### DATA EXTRACT
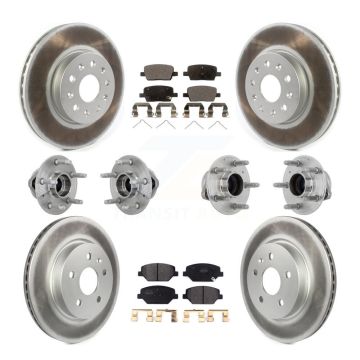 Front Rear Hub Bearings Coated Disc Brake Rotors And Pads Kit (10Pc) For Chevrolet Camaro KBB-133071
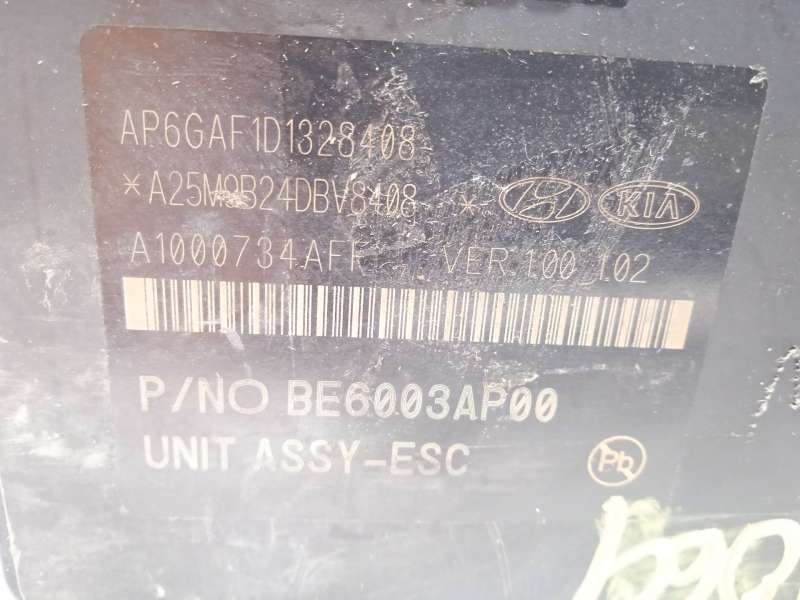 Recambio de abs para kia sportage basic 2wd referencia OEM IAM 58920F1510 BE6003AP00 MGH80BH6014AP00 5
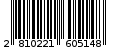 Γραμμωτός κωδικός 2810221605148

### TO DO
A word-for-word repetition of the data above, without pictures, is the expected answer.

### SOLUTION TO THIS EXERCISE
 Front Rear Hub Bearings Coated Disc Brake Rotors And Pads Kit (10Pc) For Chevrolet Camaro KBB-133071
 Recambio de abs para kia sportage basic 2wd referencia OEM IAM 58920F1510 BE6003AP00 MGH80BH6014AP00 5
 Γραμμωτός κωδικός 2810221605148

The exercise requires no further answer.